1. In het begin was er op de hele aarde maar één taal.

2. Toen de mensen naar het oosten trokken, kwamen ze bij een vlakte in het land Sinear. Daar gingen ze wonen.

3. Ze zeiden tegen elkaar: "Laten we van klei bouwstenen bakken." Ze bouwden ermee en metselden ze met asfalt op elkaar.

4. Toen zeiden ze: "Laten we een stad bouwen met een toren waarvan de top tot in de hemel komt. Laten we er zo voor zorgen dat iedereen ontzag voor ons heeft. Dan zullen we niet over de hele aarde verspreid raken."

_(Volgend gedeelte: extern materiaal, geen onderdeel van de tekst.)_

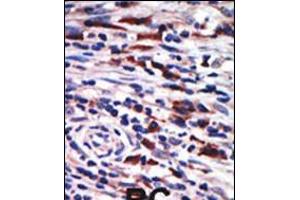 Image no. 3 for anti-Protein Kinase C, eta (PRKCH) (AA 210-239), (N-Term) antibody (ABIN5531850)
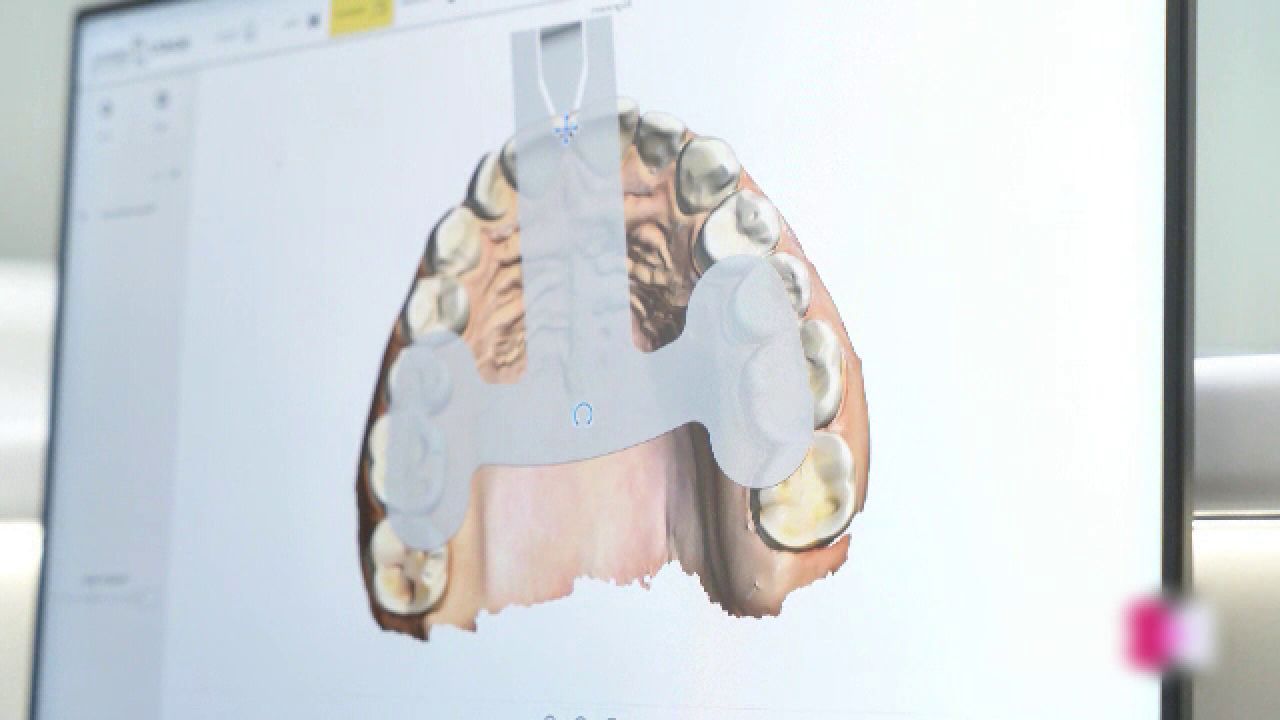 AI revoluționează stomatologia: Tratamente mai rapide, precise și complet digitale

5. Toen kwam de Heer vanuit de hemel naar de aarde. Hij wilde de stad en de toren bekijken die de mensen aan het bouwen waren.

6. Hij zei: "Ze zijn nu één volk, met één taal. Niets zal onmogelijk voor hen zijn. Dit is nog maar het begin van al hun plannen. Daar zal Ik een eind aan maken.

7. Laten We naar beneden gaan en hun taal in de war maken, zodat ze elkaar niet meer begrijpen."

8. Zo verspreidde de Heer hen vandaar over de hele aarde. Ze stopten met de bouw van de stad.

9. De mensen noemden de stad Babel [ (= 'verwarring') ] omdat de Heer daar de taal van de mensen verward heeft. Zo verspreidde de Heer hen vanuit die stad over de hele aarde.

10. Dit is de familie van Sem.Toen Sem 100 jaar was, kreeg hij een zoon: Arpachsad. Dat was twee jaar na de overstroming.

11. Sem leefde nog 500 jaar nadat Arpachsad was geboren en kreeg nog meer zonen en dochters.

12. Toen Arpachsad 35 jaar was, kreeg hij een zoon: Sela.